La aprobación, con 60 votos a favor y 40 en contra, fue posible gracias a un grupo de ocho demócratas moderados que negociaron con la mayoría republicana una extensión presupuestaria que garantiza subsidios alimentarios para personas de bajos recursos hasta septiembre del próximo año. Sin embargo, el paquete no incluyó la exigencia del Partido Demócrata de extender los subsidios sanitarios de la Ley de Cuidado Asequible (Obamacare) para millones de estadounidenses, lo que llevó a algunos legisladores a ser calificados como “traidores” dentro de su propio partido.
La pelota, ahora, en la Cámara de Representantes
Para que esta resolución entre en vigor, debe ser ratificada por la Cámara de Representantes, donde los republicanos mantienen una ajustada mayoría.

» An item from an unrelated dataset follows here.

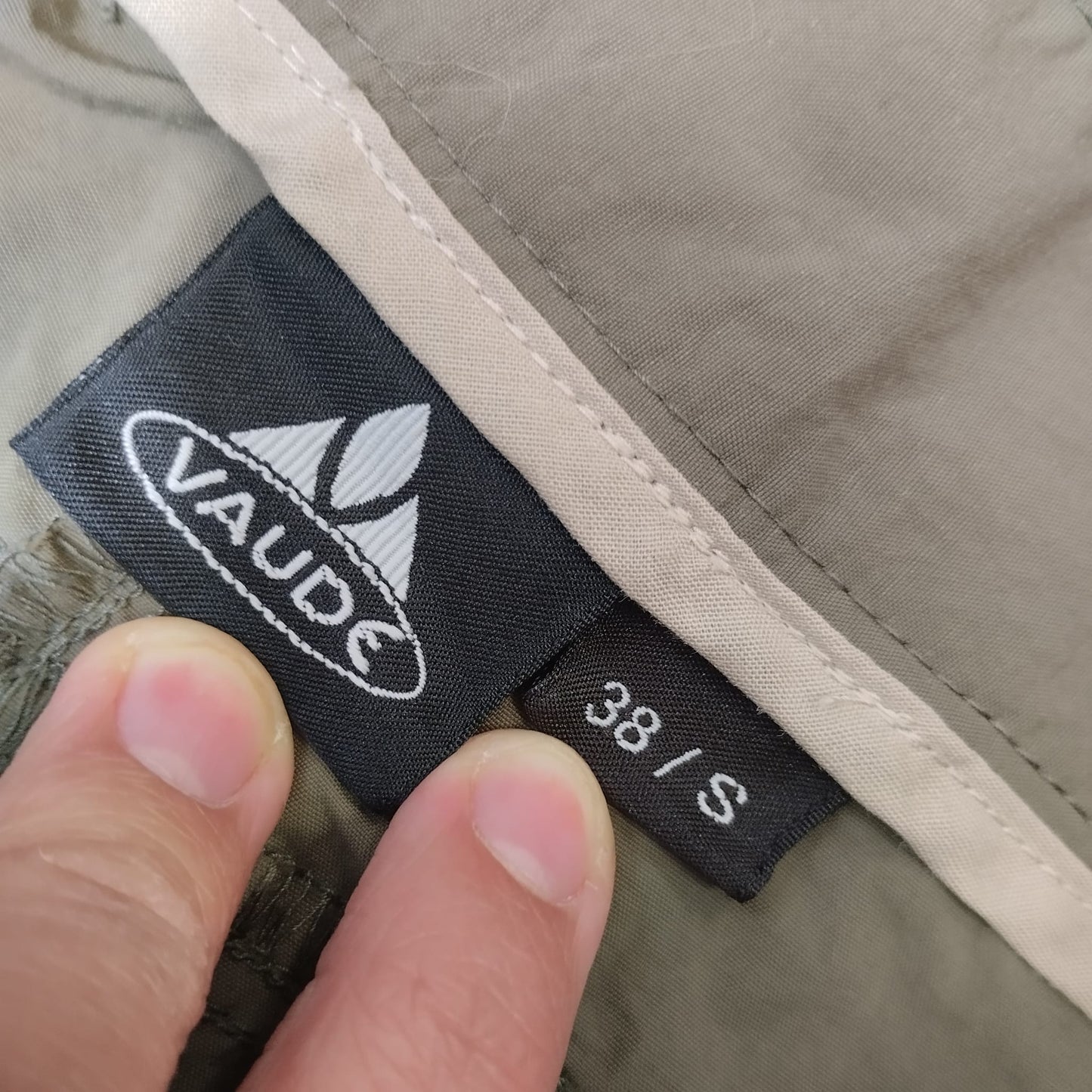 Wander Shorts von Vaude ( Damen S bis M ) khaki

Está previsto que la Cámara Baja, en receso desde septiembre, reanude sus sesiones el miércoles, tras el festivo del Día de los Veteranos en Estados Unidos. El presidente de la Cámara, el republicano Mike Johnson, solicitó el lunes a los miembros de su partido que “regresen cuanto antes a Washington” para participar en la votación.

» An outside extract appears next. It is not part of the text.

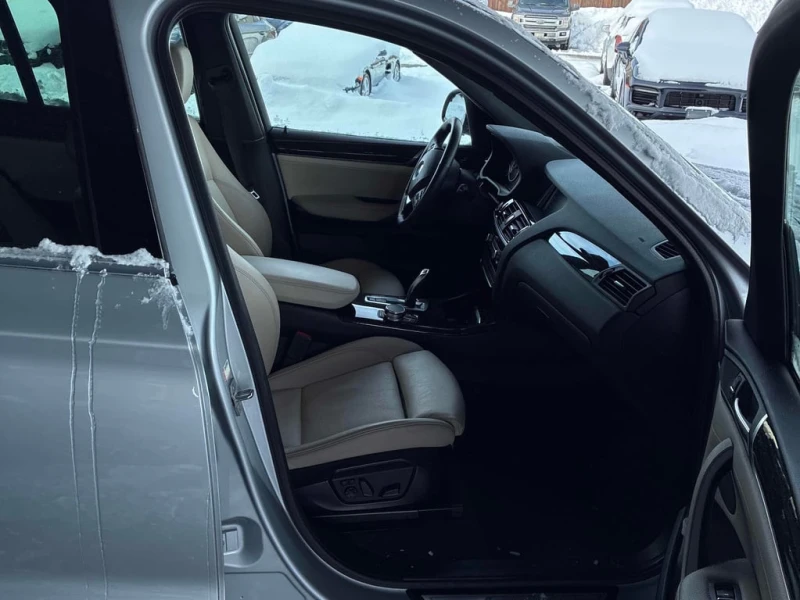 BMW X3 * xDrive28i * CARFAX * БЕЗ ПЪРВОНАЧАЛНА ВНОСКА, снимка 10 - Автомобили и джипове - 52773168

Los números no están claros
Se espera que Johnson lidere negociaciones maratonianas a puerta cerrada, dado que los republicanos cuentan con una mayoría muy estrecha, y al menos catorce de ellos están demandando la extensión de los subsidios de Obamacare. El liderazgo demócrata trabaja para evitar que se repita en la Cámara Baja lo ocurrido en el Senado, donde varios miembros votaron con los republicanos. El líder demócrata en la Cámara de Representantes, Hakeem Jeffries, advirtió que lucharán contra el proyecto de ley del Partido Republicano, acusando a Trump de haber generado una “crisis sanitaria” en el país.

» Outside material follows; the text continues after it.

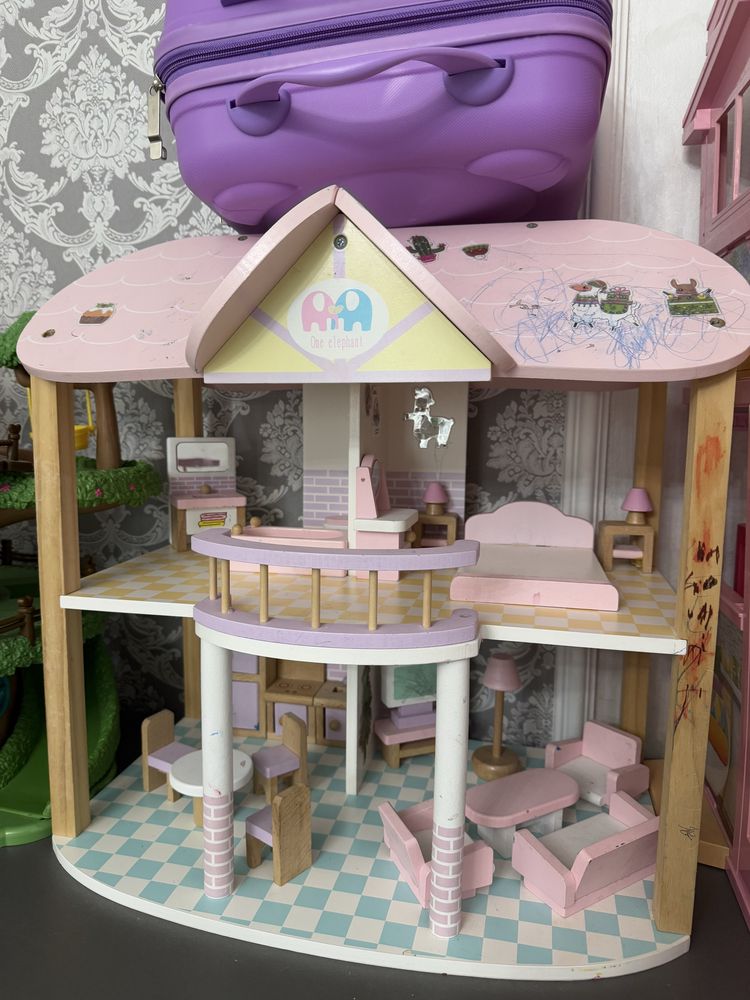 Игровой домик для кукол из дерева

¿Volverá todo a la normalidad tras el fin del cierre de Gobierno?
Una vez firmado el proyecto, se prevé que cientos de miles de empleados públicos regresen a sus puestos y que instituciones como los museos del Instituto Smithsonian reabran. Sin embargo, los servicios más afectados, como el transporte aéreo, tardarán varios días en normalizarse. Airlines for America, la patronal que agrupa a las principales aerolíneas del país, advirtió que tras la reapertura del Gobierno necesitarán “tiempo” para reajustar sus operaciones, ya que las consecuencias del cierre “persistirán durante días”.
El paquete aprobado en el Senado financia la Administración pública hasta el 30 de enero, lo que significa que en poco más de dos meses, el Gobierno podría enfrentarse a un nuevo cierre.